朝早くバンコクの街中に出ると、何とも素敵な光景を目にします。くすんだ橙色の袈裟を身にまとった僧侶達が裸足で托鉢、人々が跪座し、時に履物を脱いで捧げ物をしている姿です。 僧侶は御仏からの祝福とご慈悲を祈り、人々は感謝の思いを込めて合掌。社会の只中に見えない心の世界が確かに活きていて、人間の畏敬の念の営みが、違和感ないどころか、美しい、とさえ感じます。

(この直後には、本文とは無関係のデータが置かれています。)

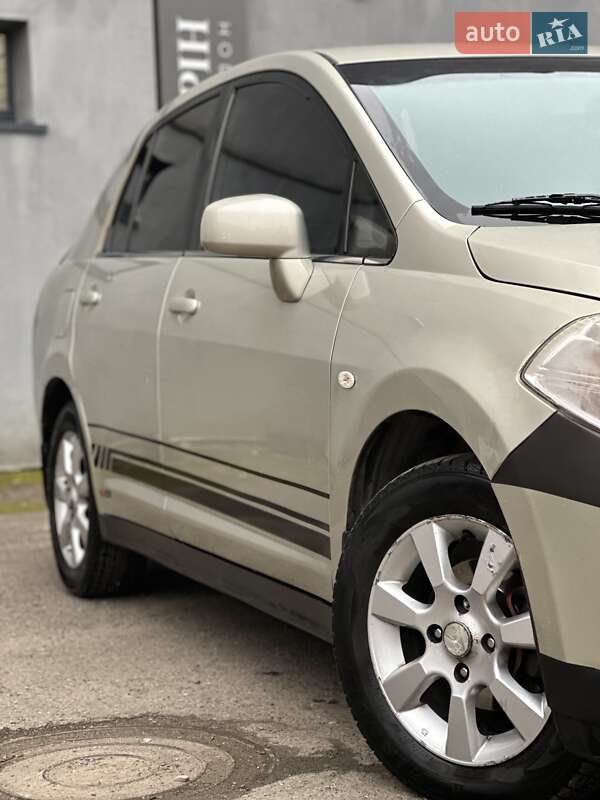 Седан Nissan TIIDA 2007 в Коломые фото 16 Седан Nissan TIIDA 2007 в Коломые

タイに派遣されて間もないある朝、いつものように6時の朝ミサに与るため、ロザリオを繰りながら急ぎ足で教会に向かう私を、僧侶が呼び止めました。請われるままに鉢の上にロザリオを捧げました。後日、招かれて、姉妹達とお寺を訪問、おぼつかないタイ語で会話。米系のスリー・エムに勤めていたが、弟とは違い、世の富には興味なく、僧侶の道を志した事など。子供のように単純で輝く目で、「私達は道を究める者同士だ」と、うれしそうに話してくれました。

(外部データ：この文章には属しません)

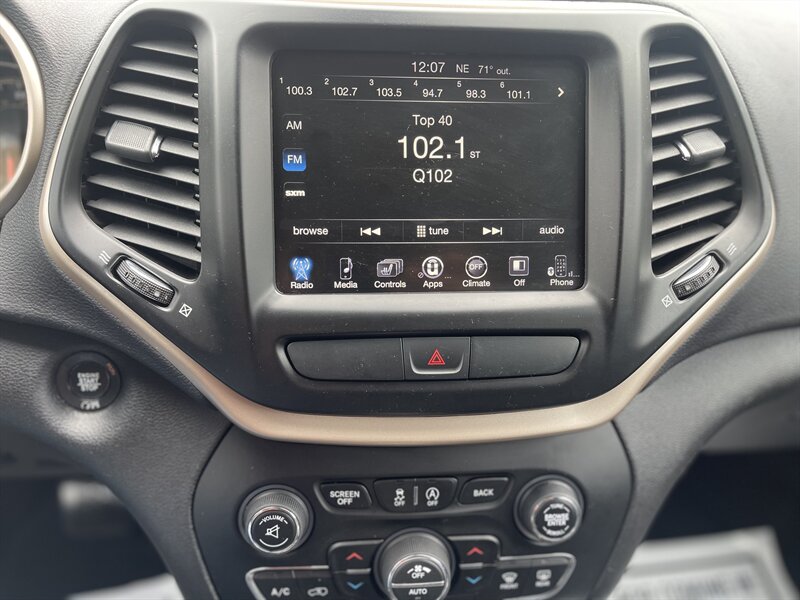2017 Jeep Cherokee Limited photo 14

タイは仏教徒が94%他ヒンズー教、イスラム教、シーク教、儒教、キリスト教が1%弱の信仰の国。目に見えない霊界を感じるる社会で、『私は無宗教』との答えに『神様信じないでどうやって生きて行けるの?』と 反応され、信仰を誇りにし安心して生きる社会です。

(阿部羊子=バンコク在住、聖パウロ女子修道会会員)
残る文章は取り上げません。